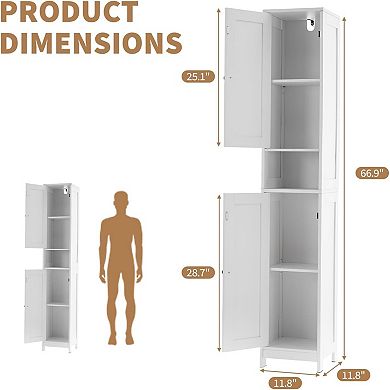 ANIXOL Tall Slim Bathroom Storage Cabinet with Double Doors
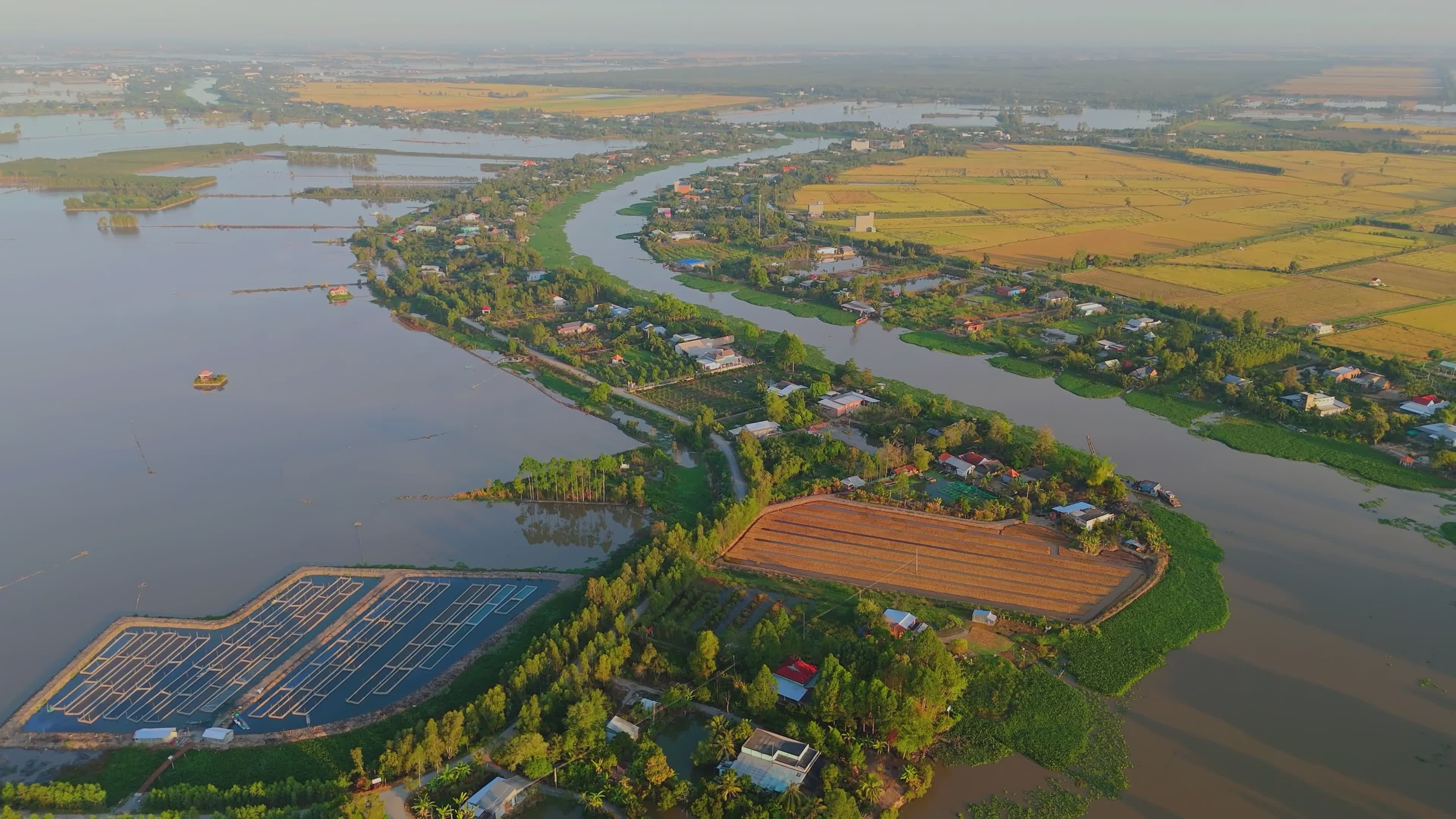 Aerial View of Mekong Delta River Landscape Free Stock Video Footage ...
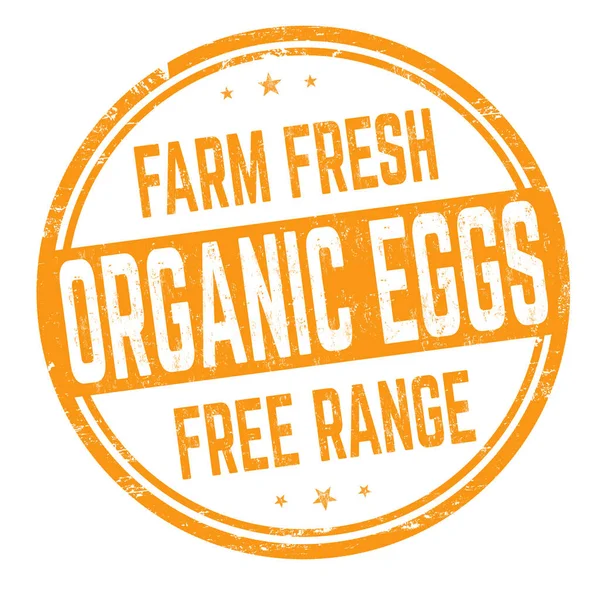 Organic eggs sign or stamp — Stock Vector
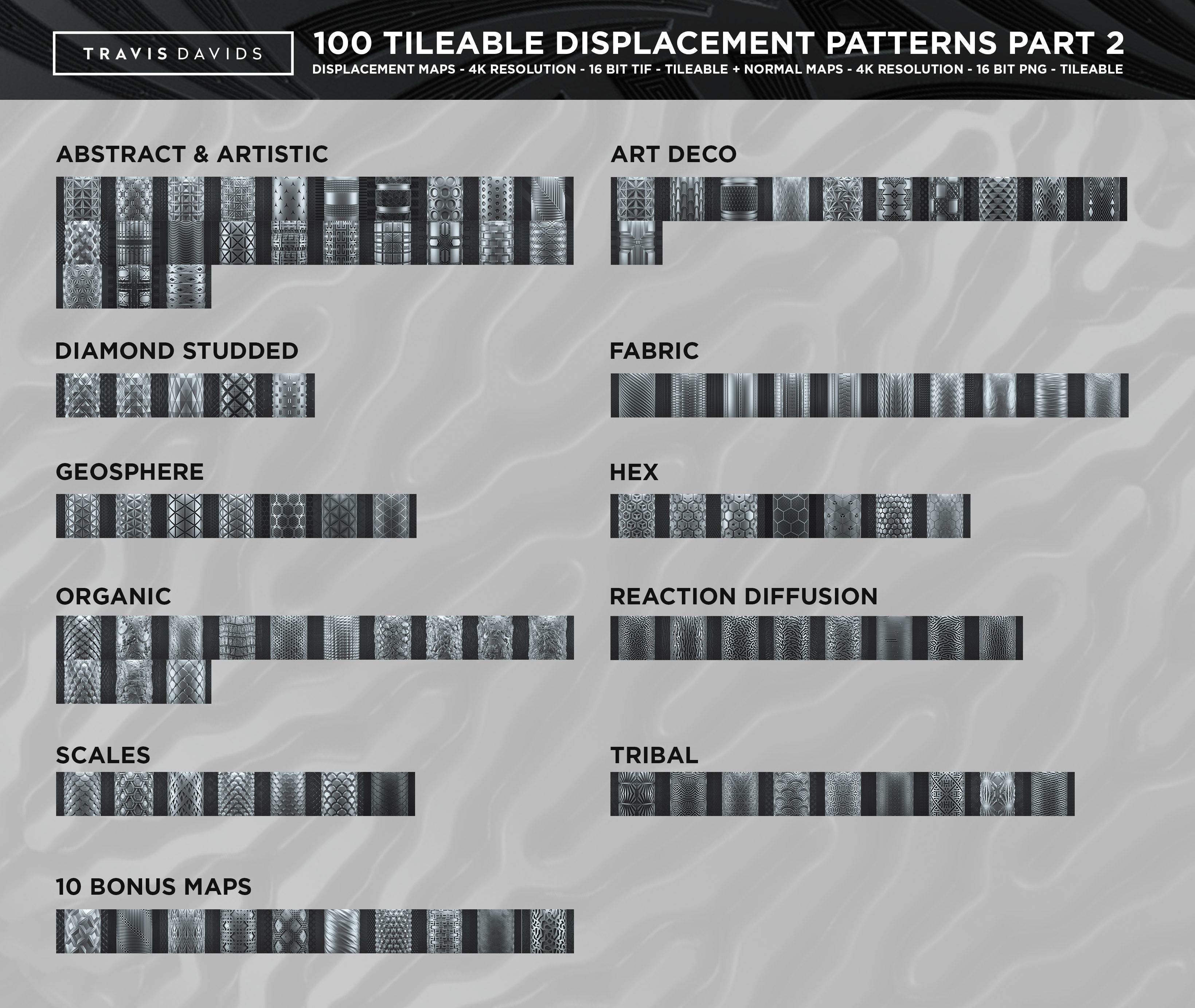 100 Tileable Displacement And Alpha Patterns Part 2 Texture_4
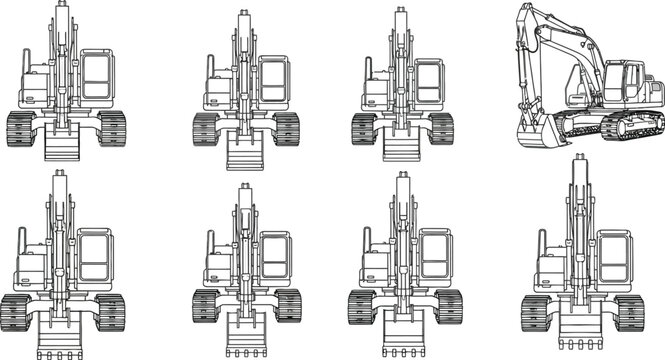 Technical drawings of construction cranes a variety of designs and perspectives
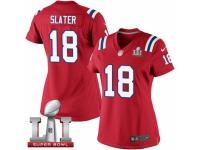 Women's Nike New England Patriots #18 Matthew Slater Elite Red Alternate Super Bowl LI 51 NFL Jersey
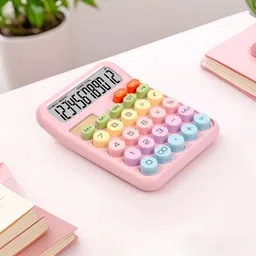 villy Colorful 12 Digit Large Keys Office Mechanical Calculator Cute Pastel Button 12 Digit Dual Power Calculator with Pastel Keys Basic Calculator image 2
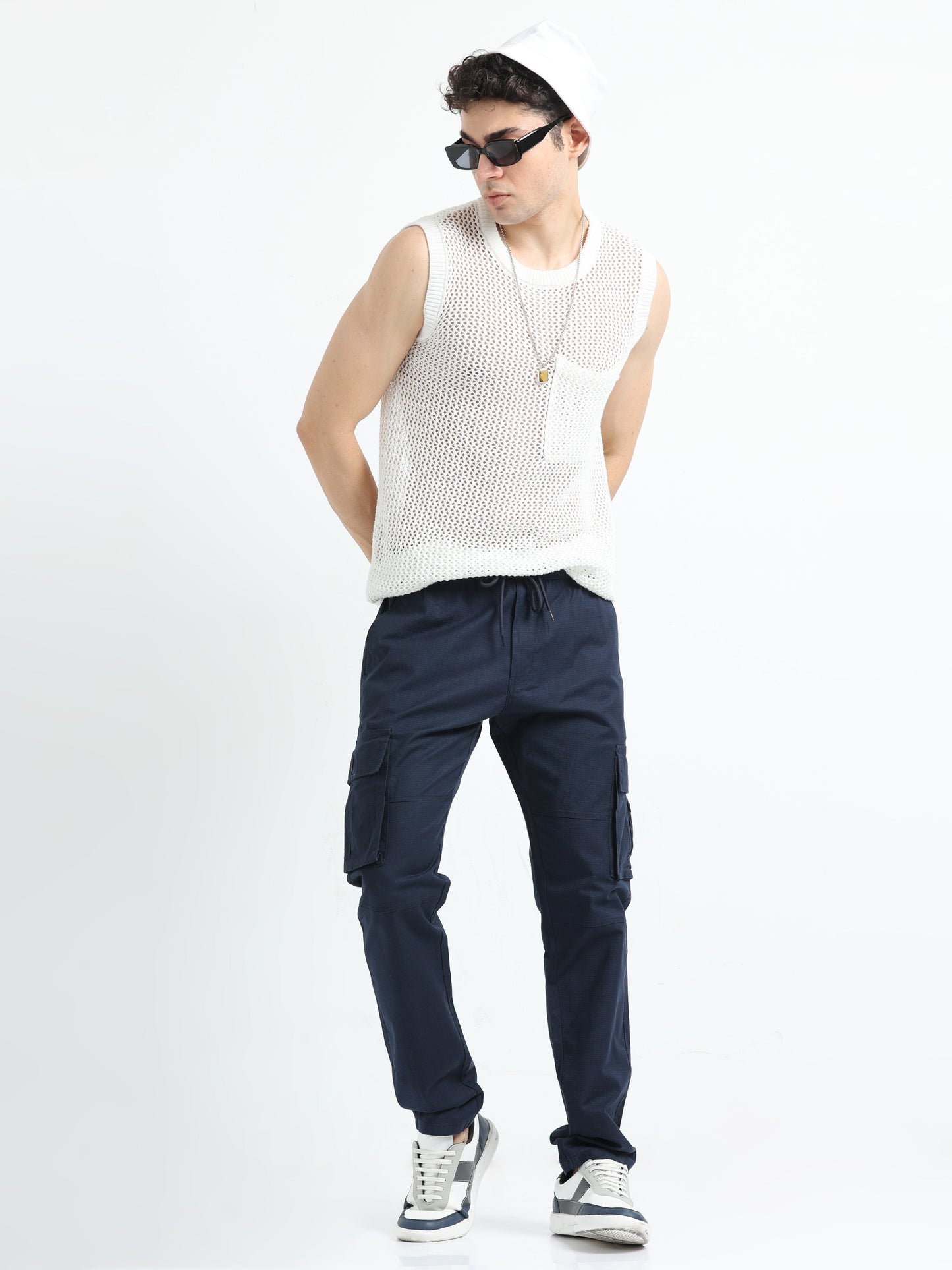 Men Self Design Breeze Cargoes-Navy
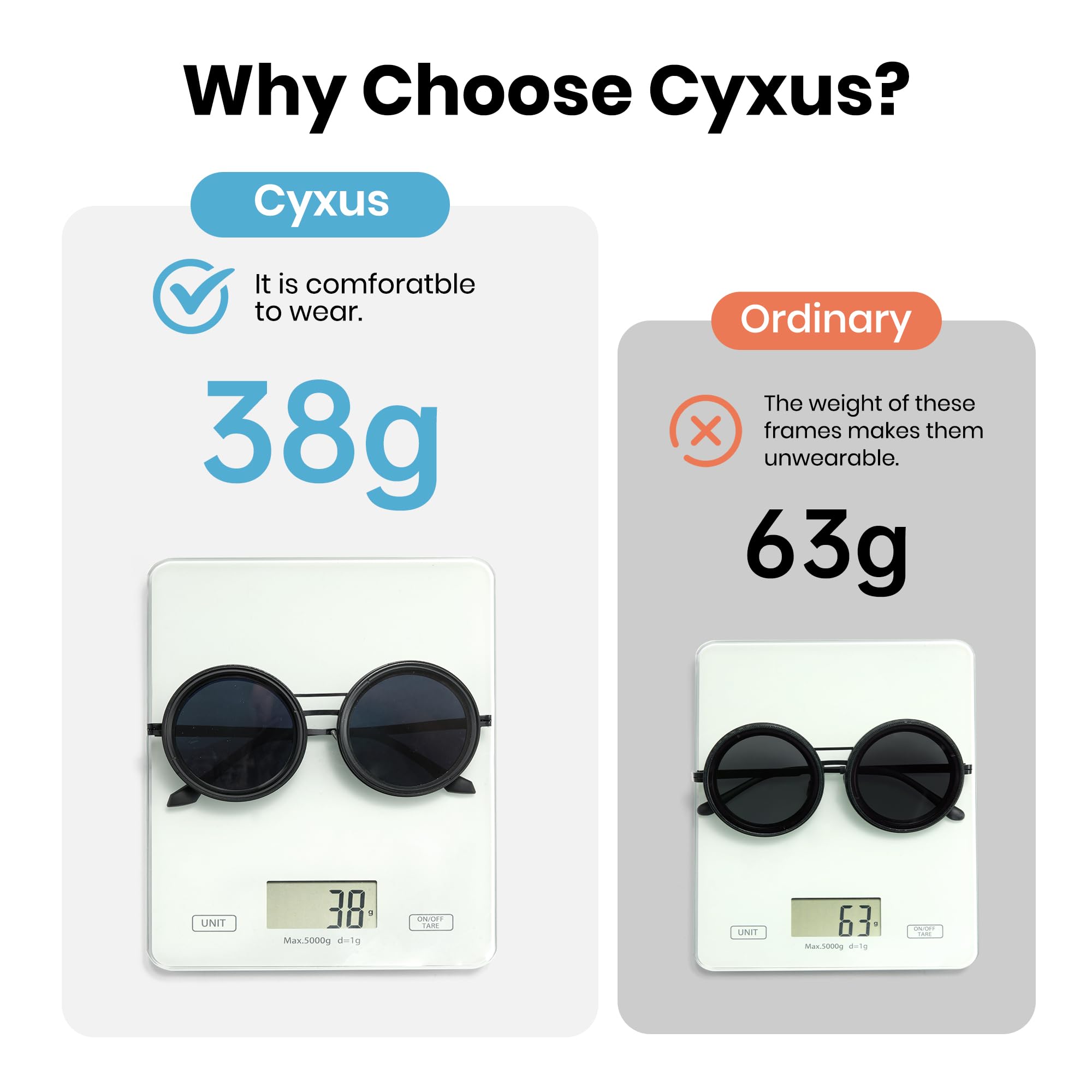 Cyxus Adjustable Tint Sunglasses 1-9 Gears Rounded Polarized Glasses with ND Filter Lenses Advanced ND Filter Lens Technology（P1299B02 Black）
^^^^^^^^
Work required: From the opening line of the entries above to the line that holds "Men Self Design Breeze Cargoes-Navy", inclusive, reproduce each line exactly and omit any picture.

Answer section:
 ANIXOL Tall Slim Bathroom Storage Cabinet with Double Doors
 Aerial View of Mekong Delta River Landscape Free Stock Video Footage ...
 Organic eggs sign or stamp — Stock Vector
 100 Tileable Displacement And Alpha Patterns Part 2 Texture_4
 Technical drawings of construction cranes a variety of designs and perspectives
 Women's Nike New England Patriots #18 Matthew Slater Elite Red Alternate Super Bowl LI 51 NFL Jersey
 villy Colorful 12 Digit Large Keys Office Mechanical Calculator Cute Pastel Button 12 Digit Dual Power Calculator with Pastel Keys Basic Calculator image 2
 Men Self Design Breeze Cargoes-Navy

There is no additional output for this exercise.